Defendant assigns as error that the trial court in its instructions omitted in one instance the element of intent of the receiver of stolen property to deprive the owner from again possessing the property, or to receive it for his own gain.
*377 As to the particular instruction we grant that defendant is right and intent is an element in the crime charged. But instructions must be taken as a whole, and after having at an earlier point correctly informed the jury that this element of intent was a necessary component to complete the crime, the trial court said in one of the instructions:
"I charge you that in every crime or public offense, there must exist a union or joint operation of act and intent or criminal negligence. The intent or intention is manifested by the circumstances connected with the offense. * * *"
Further on in the instructions the court stated:
"Another purpose for which such evidence can be considered is to prove that the defendant entertained the intent or had the guilty knowledge which are necessary elements of the alleged crime for which he is now on trial. * * *"
Leaving out an essential element in defining a crime becomes reversible error in case an instruction omitting same is not covered completely by others. State v. Singleton, 66 Ariz. 49, 182 P.2d 920.
Defendant's next assignment of error also complains of instructions given. This is understood by quoting the last part of one of the instructions:
"* * * Thus if a thief has an agreement with a person that he will steal certain property and leave it at a place which is owned, leased or under control of that person, and if the thief does steal the agreed property and does leave it at the agreed place, then, under the law, it may be said that the person having control of that place has received stolen property."

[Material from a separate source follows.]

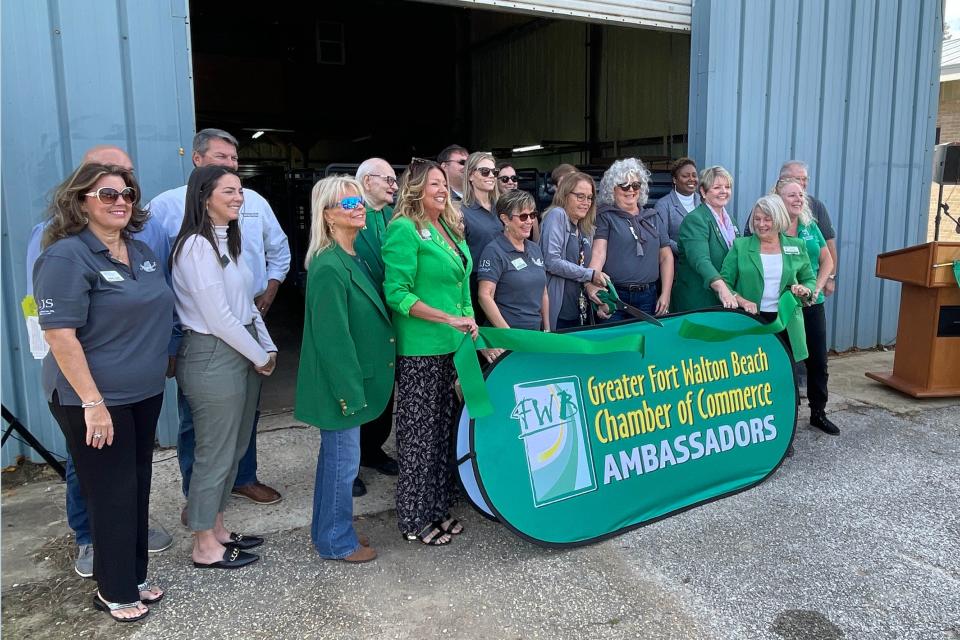 One Hopeful Place board members and Greater Fort Walton Beach Chamber of Commerce ambassadors cut a ceremonial ribbon during the unveiling of One Hopeful Place's new 48-bed cold-night shelter on Wednesday.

Defendant insists that it is error to instruct that the jury may infer a fact of which there is no evidence and this is true. But the testimony shows that there was an agreed price to be paid, the sum of 22 cents per pound; that in furtherance of that, on the morning following the delivery of the beef in question to the market of this defendant, defendant went down to the market and prepared the beef for sale and paid the money that was due according to the understanding. There was therefore sufficient testimony to support the instruction given by the court.
Defendant's last contention is,
"* * * that Carl Clark and Bill Moyer, by aiding the defendant to dispose of the beef stolen by them and aiding him in preventing the owners of again possessing the property stolen, and by aiding the defendant to convert the property to his own use and gain, they became accomplices and, therefore, under the provisions of section *378 44-1819 of the Arizona Code, Annotated, 1939, the defendant could not have been convicted. * * *"
In this court's very recent case of State v. Kuhnley, 74 Ariz. 10, 242 P.2d 843, 849, we said:
"As to defendant's contention that Jeremy, the thief, was an accomplice in the commission by defendant of the offense of knowingly receiving stolen goods, we hold that the trial court correctly instructed the jury that Jeremy was not an accomplice and we adhere to the test applied and the rule laid down in the earlier cases, our latest expression being State v. Chitwood, 73 Ariz. 161, 239 P.2d 353."
This definitely disposes of the contention of the defendant in this regard.
We have carefully considered the rights of the defendant, and those of the state, and after such consideration we have come to the conclusion that the judgment should be affirmed, and it is so ordered.
UDALL, C.J., DE CONCINI and LA PRADE, JJ., and KELLY, Superior Court Judge, concur.
PHELPS, J., being unable to take part in the case, the Honorable HENRY C. KELLY, Judge of the Superior Court of Yuma County, participated in his stead in the determination of this appeal.